Every Outlook folder supports a folder home page. This is the Internet Web page, HTML file, or Active Server Pages (ASP) file that you'll see when you click the folder's name. An example of a folder home page is shown in Figure 3.34.

Figure 3.34Figure 3.34 You can set a folder home page for any Outlook folder.

You can set your folder home page to a shared meeting workspace or your company's home page.

Why Use a Folder Home Page?

Setting a folder home page to a generic Web site really isn't very helpful. After all, you can't actually access any of the items in that Outlook folder with a Web site as your home page. However, you can create your own folder home page and embed an ActiveX control called the Outlook View Control. With the Outlook View Control, you can view the items in an Outlook folder from a Web page. Outlook Today is an example of a type of folder home page that utilizes this functionality. In Figure 3.35, the folder home page for the Hardware Upgrade Project folder is set to the shared meeting workspace for that project.

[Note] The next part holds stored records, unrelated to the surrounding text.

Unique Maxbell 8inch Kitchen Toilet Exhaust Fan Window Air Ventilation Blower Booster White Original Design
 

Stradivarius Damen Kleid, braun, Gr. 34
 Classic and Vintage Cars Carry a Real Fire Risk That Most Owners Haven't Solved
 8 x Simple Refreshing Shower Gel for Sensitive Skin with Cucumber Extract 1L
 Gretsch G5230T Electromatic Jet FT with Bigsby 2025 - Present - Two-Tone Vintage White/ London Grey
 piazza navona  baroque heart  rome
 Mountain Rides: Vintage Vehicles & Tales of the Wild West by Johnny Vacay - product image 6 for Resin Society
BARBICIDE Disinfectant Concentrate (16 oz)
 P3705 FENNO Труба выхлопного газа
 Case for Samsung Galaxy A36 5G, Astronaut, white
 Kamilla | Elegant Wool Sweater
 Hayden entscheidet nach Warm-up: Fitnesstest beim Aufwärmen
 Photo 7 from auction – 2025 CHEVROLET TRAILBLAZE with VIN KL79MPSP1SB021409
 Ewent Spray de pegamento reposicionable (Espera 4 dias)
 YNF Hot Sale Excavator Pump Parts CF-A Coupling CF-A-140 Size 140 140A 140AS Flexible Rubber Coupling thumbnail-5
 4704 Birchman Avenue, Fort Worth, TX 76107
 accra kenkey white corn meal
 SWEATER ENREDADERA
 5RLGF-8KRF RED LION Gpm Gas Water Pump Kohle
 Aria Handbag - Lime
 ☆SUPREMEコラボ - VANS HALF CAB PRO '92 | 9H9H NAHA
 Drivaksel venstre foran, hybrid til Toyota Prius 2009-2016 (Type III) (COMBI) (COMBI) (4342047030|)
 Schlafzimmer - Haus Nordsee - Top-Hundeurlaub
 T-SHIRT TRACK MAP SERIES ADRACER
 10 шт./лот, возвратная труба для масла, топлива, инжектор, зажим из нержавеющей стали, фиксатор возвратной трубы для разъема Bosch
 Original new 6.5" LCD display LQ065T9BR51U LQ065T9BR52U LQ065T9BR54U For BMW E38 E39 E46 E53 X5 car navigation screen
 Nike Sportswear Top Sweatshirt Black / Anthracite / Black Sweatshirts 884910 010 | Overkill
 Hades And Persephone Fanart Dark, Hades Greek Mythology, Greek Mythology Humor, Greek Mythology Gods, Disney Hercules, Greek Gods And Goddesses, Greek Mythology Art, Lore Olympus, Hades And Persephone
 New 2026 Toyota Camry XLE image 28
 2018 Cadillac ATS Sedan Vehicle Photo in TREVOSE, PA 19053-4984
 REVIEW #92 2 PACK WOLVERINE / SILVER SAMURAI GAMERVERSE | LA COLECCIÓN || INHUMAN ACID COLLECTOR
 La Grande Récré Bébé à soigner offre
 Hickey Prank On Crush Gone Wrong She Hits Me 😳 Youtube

Figure 3.35Figure 3.35 A good example of a folder home page is something that displays information relevant to the folder.

Setting a Folder Home Page for a Folder

Setting a folder home page is fairly simple. Right-click on a folder and select Properties. Click the Home Page tab to display Figure 3.36.

Enter the URL for your folder home page. A folder home page can be a Web site on the Internet or a file on your intranet. Click the Browse button to locate a file on your hard drive or network share. Make sure that the Show home page by default for this folder check box is checked and click OK to save your changes.

Setting the folder home page to a file on your hard drive can produce errors. If you're having problems setting a folder home page to a local file, see "Local Files for Folder Home Pages" in the "Troubleshooting" section at the end of the chapter.

Removing a Folder Home Page from a Folder

If you need to access the items in the folder or just don't need the folder home page anymore, right-click on the folder and select Properties. Select the Home Page tab of the Properties dialog. Uncheck the box marked Show Home Page by Default for This Folder. You can also delete the URL of the home page. Click OK to save your changes.

Figure 3.36Figure 3.36 Use the Home Page tab to set or remove a folder home page.

Programming a Folder Home Page

You can program your own folder home page just like any other Web page. You can create a new folder home page in any HTML editor (Word, FrontPage, Visual InterDev, or even Notepad). Within your new folder home page, you can provide links to other internal or external Web sites, graphics, and a mechanism for viewing the items within the Outlook folder. The Outlook View Control offers a way to access Outlook data through an ActiveX control on an HTML page. In Outlook 2003, the View Control is installed automatically and is available for use. The actual file used is outlctlx.dll. If you're having problems using the Outlook View Control, check to see that this file exists on your system and is registered properly.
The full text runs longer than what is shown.